For this task, you can use Python `re` module along with your Spark code.

In [None]:
import re

**Run `count()` on your RDD to see how many lines have been left**

**All the fields indicating an amount in dollar (`fare_amount`, `surcharge`, `mta_tax`, `tip_amount`, `tolls_amount`, `total_amount`) must be non-negative numeric (with or without decimal point) value. Remove lines with any value that does not match this pattern.** 

For this task, you can use Python `re` module along with your Spark code.

**Run `count()` on your RDD to see how many lines have been left**

## Task 2 - compute total revenue by dates (20 pts)

Write a Spark program on your derived cleaned RDD (from task 1) that computes the total amount of revenue (`total_amount` field) for each date (`pickup_datetime` field without time portions - only dates). Then, sort your RDD by the total revenue in ascending order and print out the 5 lines with the smallest total revenue. That shows the 5 dates with least total revenue.   
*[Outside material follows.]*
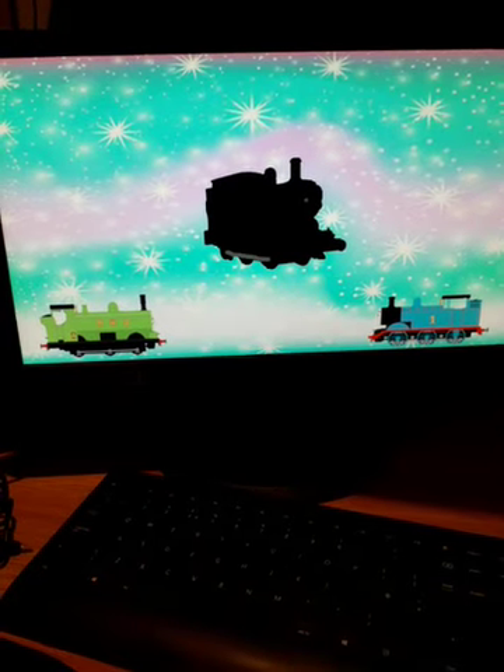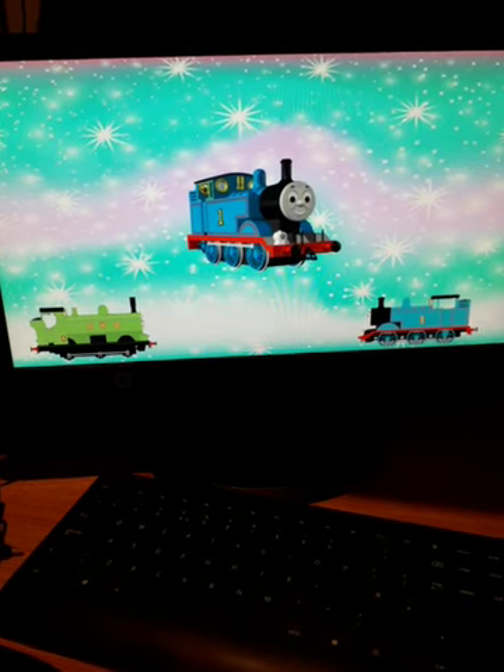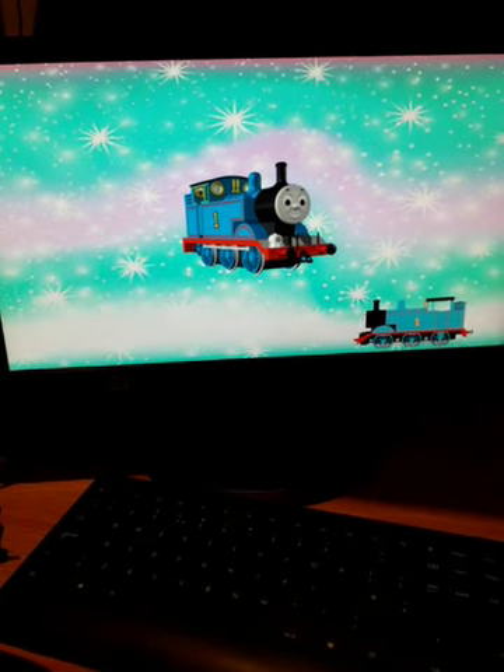Time for this engine to have a wash down. What colour do you see now? Blue. So it can't be Duck — it must be Thomas.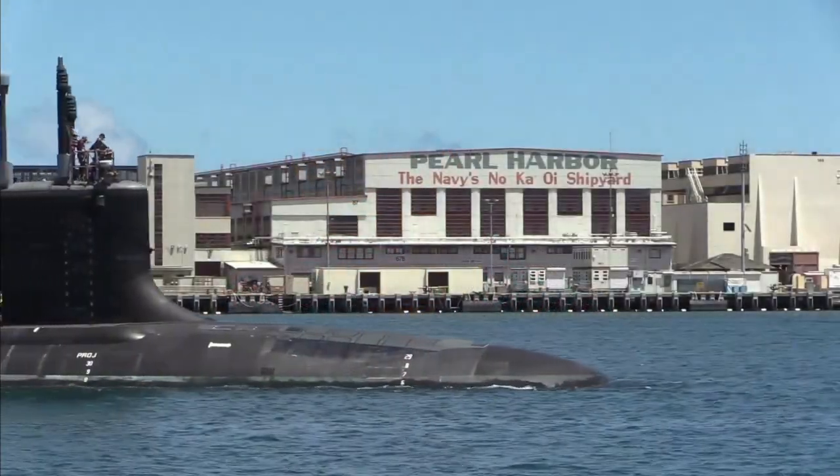As someone who's also worked on nuclear submarines at a naval shipyard, I am so excited to learn more. So let's jump right in. John, what does the Pearl Harbor Naval Shipyard do, and why is it important for Hawaii and the United States as a whole? That's a great question. Here at Pearl Harbor Naval Shipyard, our main mission is to maintain, repair, and modernize Navy ships and submarines for the U.S. Pacific fleet.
## Task 3 - compute total revenue by taxi drivers  (20 pts)

Write a Spark program on your derived cleaned RDD (from task 1) that computes the total amount of revenue (`total_amount` field) for each taxi driver (`hack_license`). Then, sort your RDD by the total revenue in descending order and print out the top 5 lines with the largest total revenue. That shows the 5 taxi drivers with most total revenue. 

## Task 4 - compute total revenue by weekday through join operation (20 pts)

Write a Spark program on your derived cleaned RDD (from task 1) that computes the total amount of revenue (`total_amount` field) for each 7 days of the week (Sunday through Saturday).

To extract the week days and experimenting more with Spark, we suggest that you use `join` RDD operation to join the taxi dataset with the provided `2013_weekdays.csv` file that contains the dates for 365 days of the year 2013 and their corresponding week days.    

First, read `2013_weekdays.csv` into an RDD, and split each line by `,` to extract the field values.

Then, manipulate this RDD and your derived cleaned RDD of taxi dataset (from task 1), to be able to join the two and compute the total revenue by weekday.  

Finally, sum the total amount per weekday, and return the result in descending order of the total revenue.

## Task 5 - run on a big file in EMR cluster (20 pts)

For the last part of this homework, you need to run your Spark code for tasks 1 through 4, on a big file in S3, in an AWS EMR cluster. 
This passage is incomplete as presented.